Others inspired by the past are moved to recreate a particular regional ethnic religious tradition as thoroughly as possible by an intensive effort to assemble, analyze and utilize as much historical and scholarly material as possible. In this case, the gaps and missing links in the historical record are not seen as any absolute barrier but an immensely challenging and rewarding puzzle that can never be solved with absolute certainty but which can certainly be patched together into a functioning, useable religion, with greater or lesser allowance made for revision of known elements or addition of new ones as suggested by new discoveries or interpretations advanced either by scholars or community members responding to the needs of contemporary practitioners.
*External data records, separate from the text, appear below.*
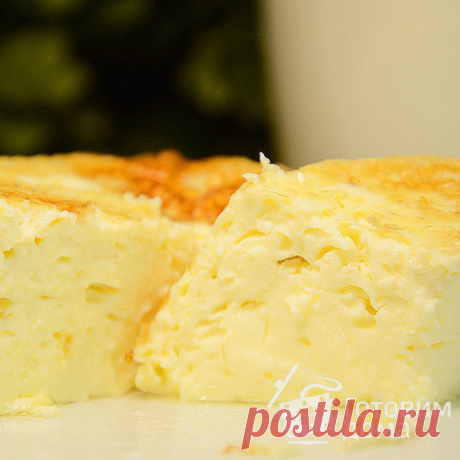 ВКУС ДЕТСТВА. Пышный омлет в духовке, как в детском садике! Как приготовить высокий и вкусный омлет - пошаговый рецепт с фото на Готовим дома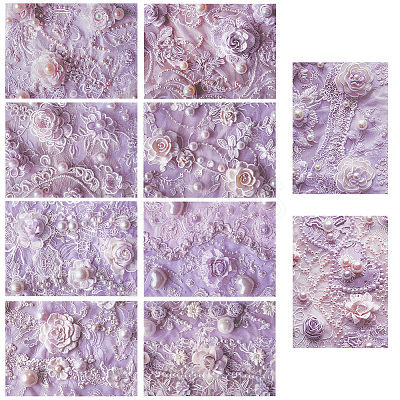 Scrapbook Paper Pad DIY-WH20002-145E-1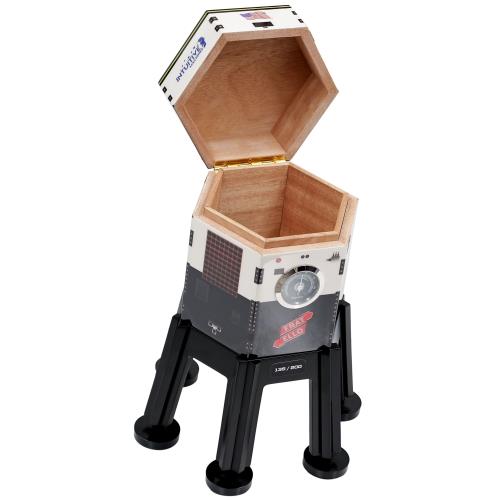 Fratello Lunar 18-Cigar Humidor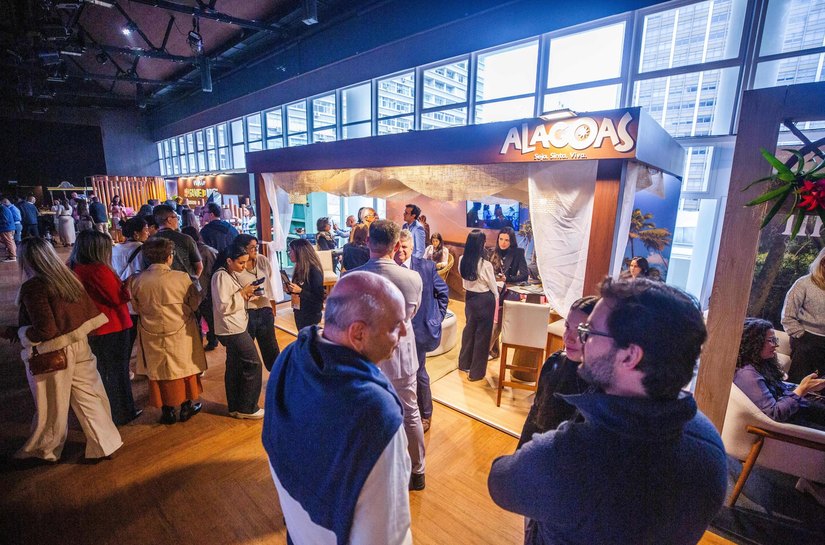 Turismo de Alagoas é destaque no Evento Casar.com 2026, em São Paulo
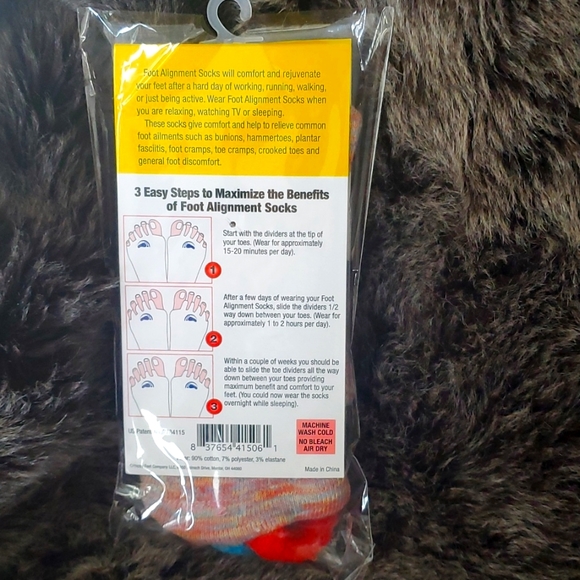 Happy Feet Company Other The Original Foot Alignment Socks Poshmark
The first, more open-ended form of Paganism has been variously labeled by me and others as eclectic or universalist, and the second, more consciously restricted form as reconstructionist and ethnic. All arise from an original inspiration derived from Pagan traditions of the European past, but their spiritual streams are fed by different influences and ultimately flow in different directions. We should, however, always be cautious about overstating the distance or difference between them, because the most eclectic Paganism can still have a solidly reconstructionist side, and the most ethnically grounded Paganism may still be strongly influenced by other traditions from other ethnic sources, even if this influence is denied or disavowed. On this last point, I am reminded of a Norse Pagan acquaintance who explained to me his practice of a system of meditative body postures that he told me he had developed from the study of Norse Pagan runes, but which plainly resembled good old Hindu yoga, a bit more Vedic than Eddic.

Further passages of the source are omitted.